Two are dead in Israel after a driver plowed his van into a queue of commuters waiting for a tram Wednesday, marking the latest deadly incident amid escalating religious tensions around one of the country’s heavily disputed sacred sites for both Jews and Muslims.
Police said the motorist Wednesday slammed his vehicle into the light rail stop in east Jerusalem first, backed out and proceeded to drive off, hitting several cars along the way. He then got out of the car and attacked a group of civilians and police officers on the side of the road with a metal bar before authorities shot and killed him.
The attacker was identified by authorities as Ibrahim al-Akari, a 38-year-old Palestinian who had recently been released from prison after serving time for security offenses, police said. Security camera footage appeared to show al-Akari darting through a crowded intersection before he was shot.
The attack Wednesday bore similarities to an incident two weeks ago in which two Israelis were killed by a Palestinian assailant who was then killed by Israeli police.
Hamas, the Palestinian militant group that controls the Gaza Strip, confirmed that al-Akari was a member of the group, and said in a statement that al-Akari, “whose blood watered the land of the occupied holy city of Jerusalem, preferred but to retaliate for the blood of his people and the sacredness of the Al-Aqsa Mosque and Jerusalem.”
The Temple Mount/Noble Sanctuary compound, which includes the Dome of the Rock and al-Aqsa Mosque, is at the center of rising tension as a movement for Jewish right to prayer there gains a foothold in political spheres.
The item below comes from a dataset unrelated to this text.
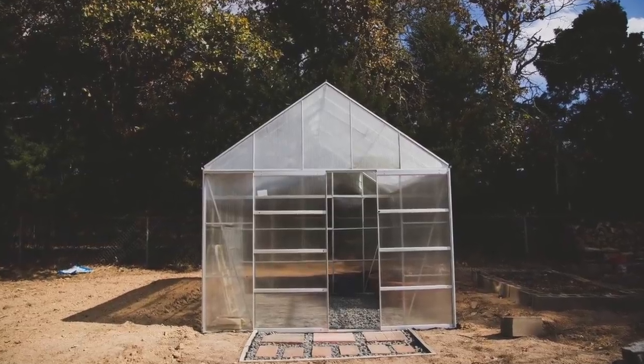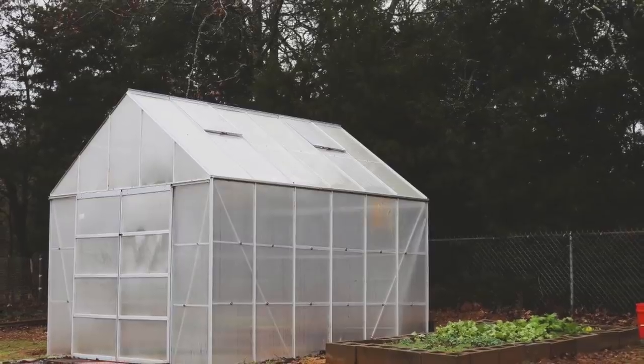That was right after we got it assembled and before any modifications. It took us three days to assemble because it was very intricate, sliding different nuts and bolts into different areas. We knew going in that modifications would be needed — we read all the reviews. Before any modifications, it would sway in the wind. Not bad, but it moved enough. There's not a whole lot of sturdiness to it because there's no wood — it's all just aluminum put together with bolts.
Israel forbids non-Muslims from praying on the compound. Jews pray instead at the Western Wall, a retaining wall of the ancient demolished Jewish temple.
Last week, Rabbi Yehuda Glick, who managed a center aimed at advancing Jewish rights at the Temple Mount, was leaving a Jerusalem conference he convened called “Israel Returns to the Temple Mount” when Moataz Hijazi, a Palestinian dishwasher at the conference building who had previously spend 12 years in Israeli prisons, pulled up on a motorbike and shot him. Police shot the 32-year-old Hijazi 22 times in his home the following morning.
Supporters of Glick say the attack on him should be a watershed moment. At a prayer rally for Glick Saturday, Jerusalem city council member Aryeh King called on the Israeli government to “wake up and strengthen the Jewish presence on the Temple Mount.”
Up a stone staircase from the Hijazi home, a young man named Amar, 25, said Hijazi reminded him of himself, caught between making money in an Israeli job and nursing a deep grudge toward Israel. He declined to give his last name for fear of losing his job cooking in a Tel Aviv restaurant. He said he works in an Israeli restaurant because he cannot find any other work but, “I would take a life sentence for the sake of Al-Aqsa,” he said.
Since Israel conquered Jerusalem’s Old City from Jordan in 1967, Muslims have been able to access the site at all times, while non-Muslims have limited visiting hours. Jews may not pray on the site. King Abdullah of Jordan has warned that changing the agreement could jeopardize the 20-year-old peace treaty between his country and Israel. On Wednesday, Jordan recalled its ambassador for consultations.